和算では利息計算などの単なる計算問題もありますが、図形と関連した問題が多く扱われています。ここでは、和算とは少し毛色が違う幾何の問題を取り上げてみます。

広島県の第1回高校数学コンクールの問題の中に、「周囲の長さ一定のn角形の中では、正n角形が面積最大である。」ことを示すという問題がありました。(この種の問題を等周問題といいます。対面講習のときにも触れる予定です。)n=3の場合は、高校数学で簡単に解けるので、解答を作ってください。そして、講習日にレポートとして提出してください。

筆記試験で、この問題も出す可能性がありますので、ご注意ください。このままの形で、大学入試問題に採用される可能性は低いので、あまり関心は高くないかも知れませんが、一度はきちんと考えていただきたい問題です。ついでながら、このような問題は和算では当たり前という認識はあったかも知れませんが、問題として提出されることはなかったようです。

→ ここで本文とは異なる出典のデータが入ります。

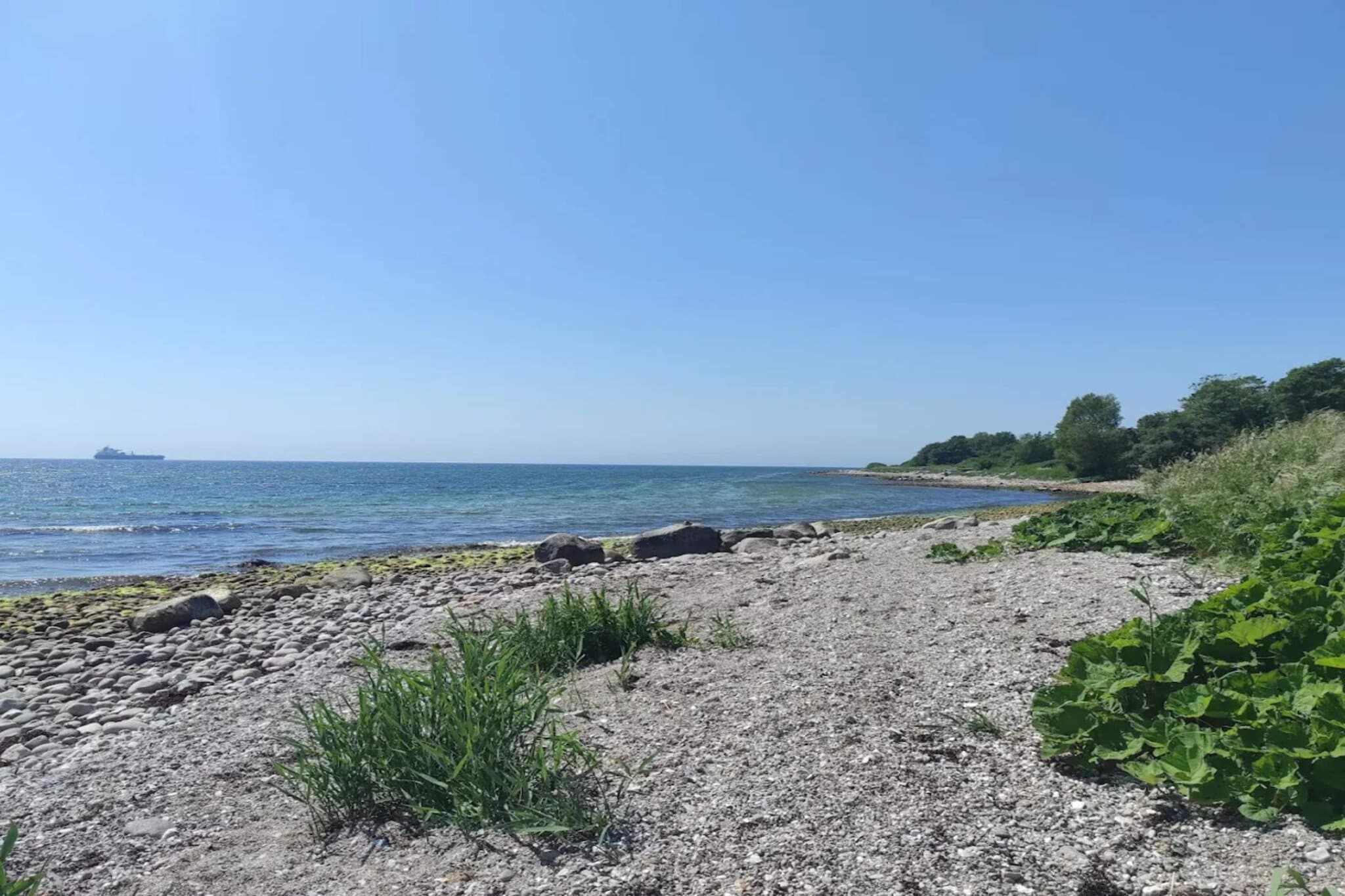 7 Personen Ferienhaus in Kalundborg-Wasserblick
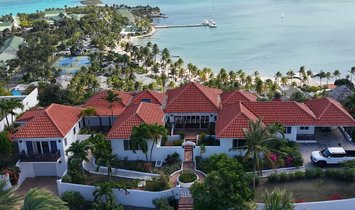 Villa en Piccadilly, Parroquia de Saint Paul, Antigua y Barbuda 1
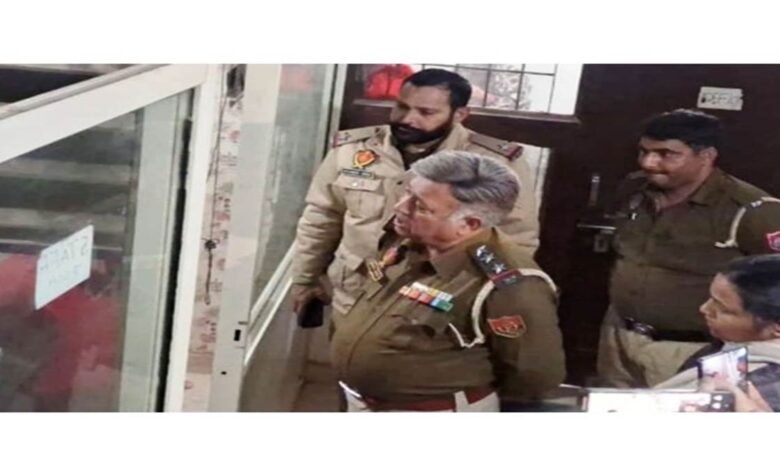 ਪੁਲਿਸ ਦੀ ਛਾਪੇਮਾਰੀ ਨੇ ਤੋੜਿਆ ਦੇਹ ਵਪਾਰ ਦੇ ਸੌਦਾਗਰਾਂ ਦਾ ਲੱਕ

ヒントが必要なら、まずは、一辺の長さが与えられた場合、残りが等辺の場合であることを示して、1変数の極値問題に帰着するという方針で考えてください。中学1年生にも分かるような解答もあるようですが、そこまで頑張っていただく必要はありません。

対面講習では、最大値を与える三角形の存在を仮定すれば、議論がもっと簡単になるが、そのような存在は自明だろうかということを考える予定です。

もっと、面白いあるいは難しい問題をやりたいという方は、四辺形で各辺の長さが与えられているとき、面積最大を与える条件は何かを考えてください。これも有名な問題です。三角形の等周問題の代わりに、こちらの問題の解答をレポートしていただいても結構です。